Neuf autres sires de ce « club des 100 » n’ont pas brillé sur 2 000 m ou plus. Mais il y a de fortes suspicions de tenue chez deux d’entre eux. C’est le cas de Galiway, que nous avons évoqué plus haut, mais aussi de Seabhac (Scat Daddy). Le jeune sire du haras du Taillis n’était lui-même pas un pur précoce : il a débuté à l’été de ses 2 ans sur 1 700 m, courant trois fois sur cette distance avant de s’accidenter. Or 1 700 m, c’est déjà un signe de tenue pour un 2 ans, surtout quand on a un père de mère (Curlin) et un oncle (Afleet Alex) qui tenaient « vraiment ». Sa production confirme ces hypothèses et, déjà, la moitié de ses gagnants se sont imposés sur 2 000 m ou plus, un « créneau » où son taux de gagnants par partant est supérieur de 15 % à celui de ses produits sur « plus court ».

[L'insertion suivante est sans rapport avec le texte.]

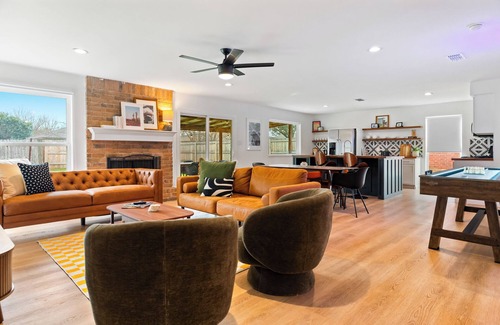 Egger Acres House | Stylish Home with Chef's Kitchen and Family-Friendly Amenities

Parmi les neuf sires n’ayant pas gagné sur 2 000 m, l’on retrouve aussi trois étalons dont la distance moyenne de victoire des produits gravite autour du mile (et qui ne sont donc pas de purs étalons de vitesse) comme City Light (1 664 m), Siyouni (1 627 m) ou encore Muhaarar (1 680 m). De même, un cheval comme Anodin (Anabaa) était un miler, mais 60 % de ses lauréats de stakes ont décroché leur fait d’armes sur 2 000 m ou plus.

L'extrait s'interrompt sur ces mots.